We’re also interested to know that this kind of activation is no longer necessarily contemporaneous or even personal or individual. Instead, the Islamic State and other global entities involved in the jihad have given a blanket preauthorization and pre-activation. This relates especially to the so-called lone wolf terrorists who, we now know, are deeply embedded in many Western societies merely awaiting an opportunity. Furthermore, the Islamic State and other organizations have publicly published all kinds of instructions about how to carry out the terror attack to maximum effect.

And there’s another very important statistic, a fact that has come to light just in the last 24 hours or so; that is this, we now know, as reported by The Independent, National Public Radio, and other worldwide media authorities, that at least 850 young people from the United Kingdom have gone from the UK to the Middle East or to North Africa; there they have been believed to have been radicalized by the Islamic state. They have received jihadist training, but at least half of them have returned to the United Kingdom. That’s an amazing fact. British authorities are now indicating that they believe that there are over 400 trained jihadists who have gone from the United Kingdom to the Middle East and North Africa, received training, and come back. That raises an obvious question. Why in the world would any kind of Western society allow this pattern to exist, much less to continue?

As reporter Lizzie Dearden of The Independent states,

“Of at least 850 extremists known to have left the UK for Isis territories in Iraq and Syria, at least half are believed to have returned and 15 per cent been killed.”

Now once again, the math is quite frightening. We’re looking at over 400 young people who are now documented known to have gone just to these two Middle Eastern countries and returned as trained jihadists.
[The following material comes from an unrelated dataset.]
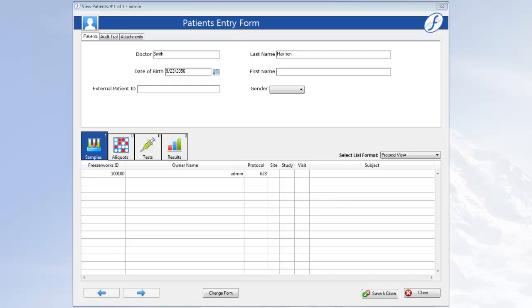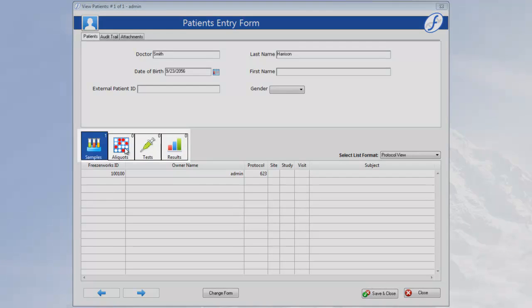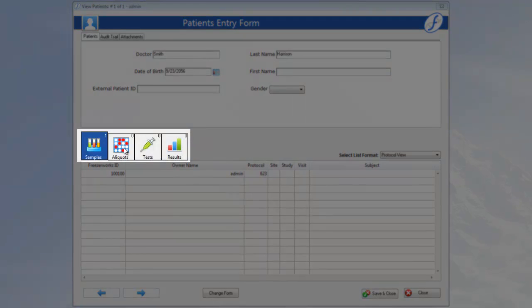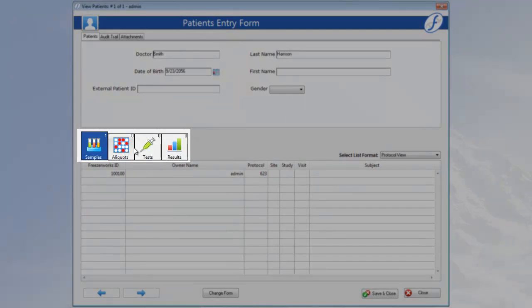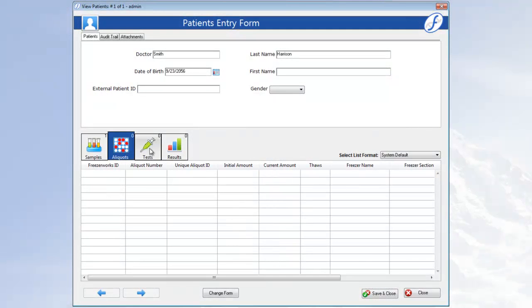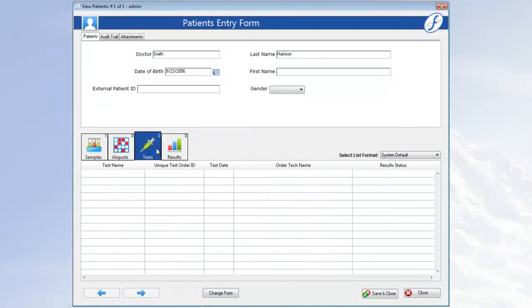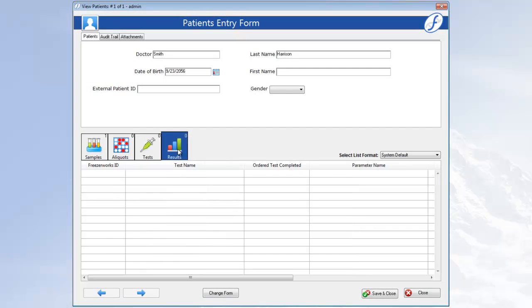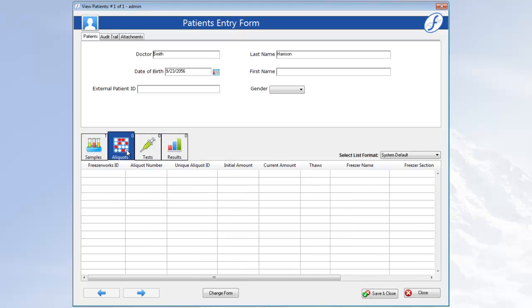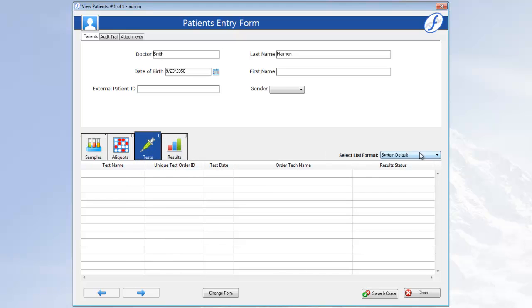Now, if the linked sample had any aliquots or tests, they would be visible here on their associated page. Now, the page buttons work just like the landing page, and the list format drop down changes to match the page selected. Well, that's how you link samples and Patients. Thank you, and until next time.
One of the hallmarks of Western civilization is a certain openness to our societies, societies that are marked by a very prized liberty. But that liberty, we need to understand, is absolutely predicated upon a certain safety and stability. Liberty and freedom, openness, cannot long exist when a society lacks the ability to preserve that necessary stability and security, that necessary safety. So what we’re looking at here is that British authorities are now admitting that they have allowed about 800 of their own young people to go to Iraq and Syria, and about 400, or more than that actually, to be radicalized and then to have come back and to have been allowed back in to the United Kingdom.

Salman Abedi, who is now believed to have been the 22-year-old suicide attacker there in Manchester, fits the profile precisely. He was born to Libyan parents but he was born in the United Kingdom. But as an older teenager, he went to the Middle East. There he was radicalized. He was allowed back in the country. By the way, British authorities indicated yesterday that members of his family may be implicated in this or in similar plots. Both his brother and his father have been arrested and detained at least for interrogation by British authorities. The brother it is believed may have been involved in an attempt for a similar kind of terrorist attack in Libya.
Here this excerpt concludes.